== Task ==
Reproduce the entries that follow precisely, setting aside any images.

--- START ---

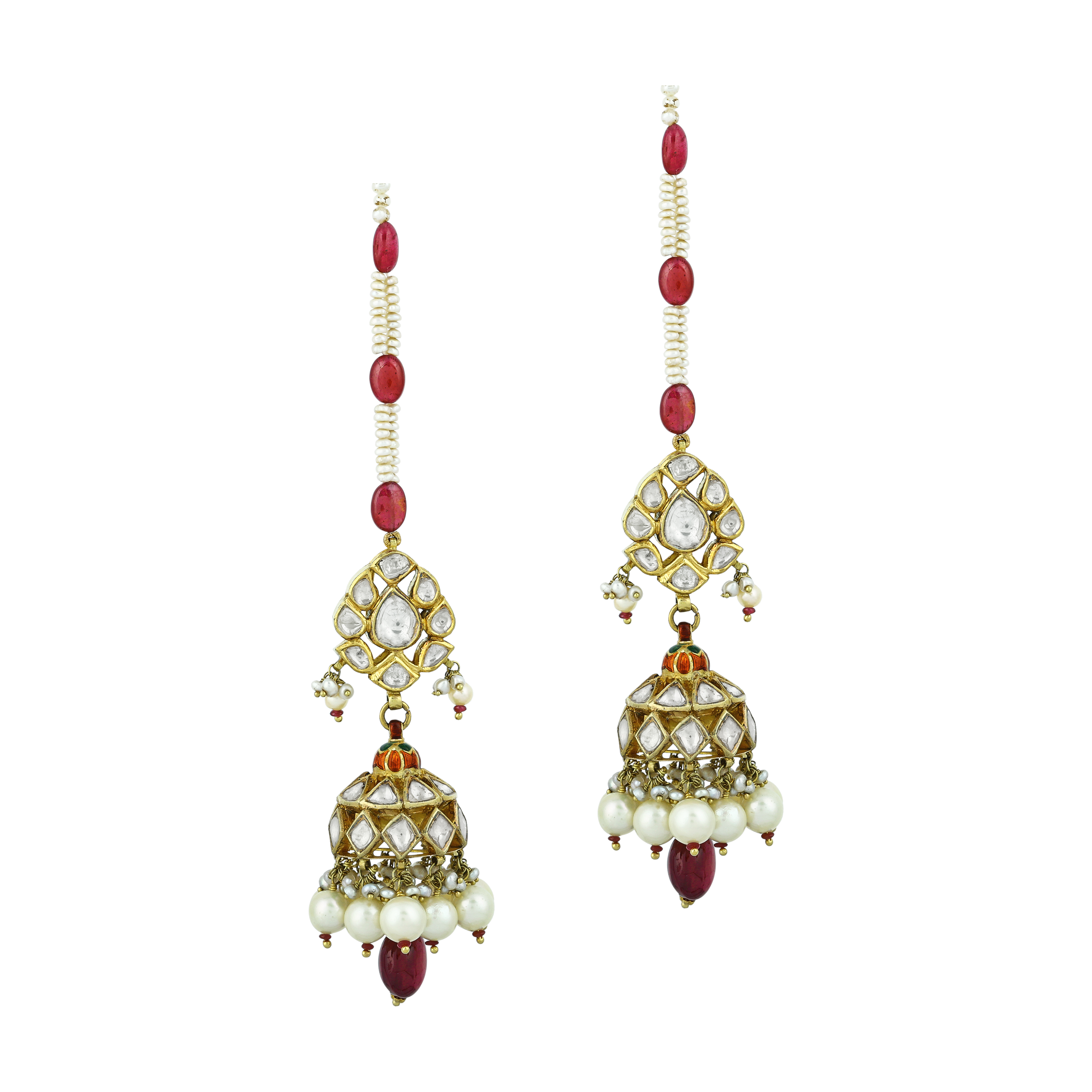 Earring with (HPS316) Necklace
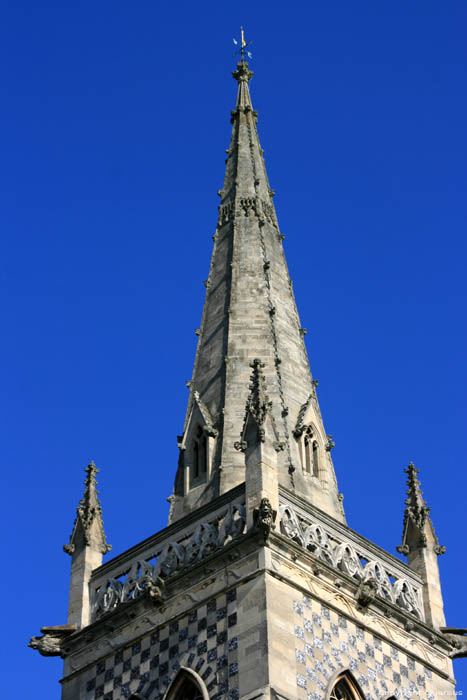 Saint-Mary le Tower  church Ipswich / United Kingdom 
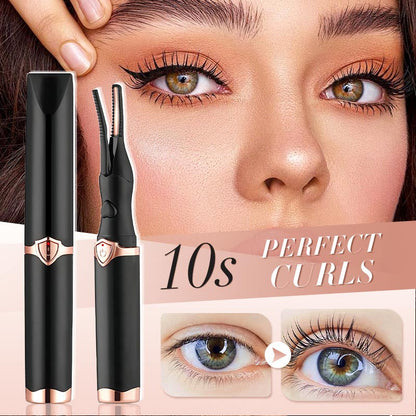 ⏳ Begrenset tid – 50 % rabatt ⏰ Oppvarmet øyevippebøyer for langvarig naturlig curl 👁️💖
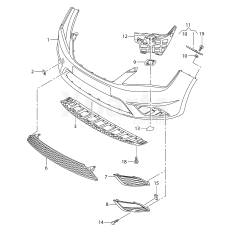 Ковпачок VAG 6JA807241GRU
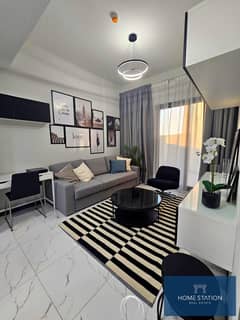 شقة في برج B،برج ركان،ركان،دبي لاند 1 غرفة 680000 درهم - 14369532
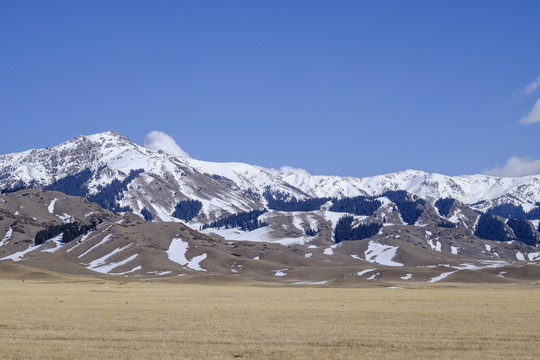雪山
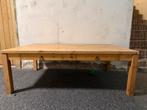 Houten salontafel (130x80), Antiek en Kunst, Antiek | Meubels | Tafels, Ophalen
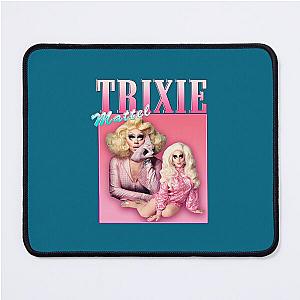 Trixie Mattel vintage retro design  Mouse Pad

--- END ---

== Written answer ==
 Earring with (HPS316) Necklace
 Saint-Mary le Tower  church Ipswich / United Kingdom 
 ⏳ Begrenset tid – 50 % rabatt ⏰ Oppvarmet øyevippebøyer for langvarig naturlig curl 👁️💖
 Ковпачок VAG 6JA807241GRU
 شقة في برج B،برج ركان،ركان،دبي لاند 1 غرفة 680000 درهم - 14369532
雪山
 Houten salontafel (130x80), Antiek en Kunst, Antiek | Meubels | Tafels, Ophalen
 Trixie Mattel vintage retro design  Mouse Pad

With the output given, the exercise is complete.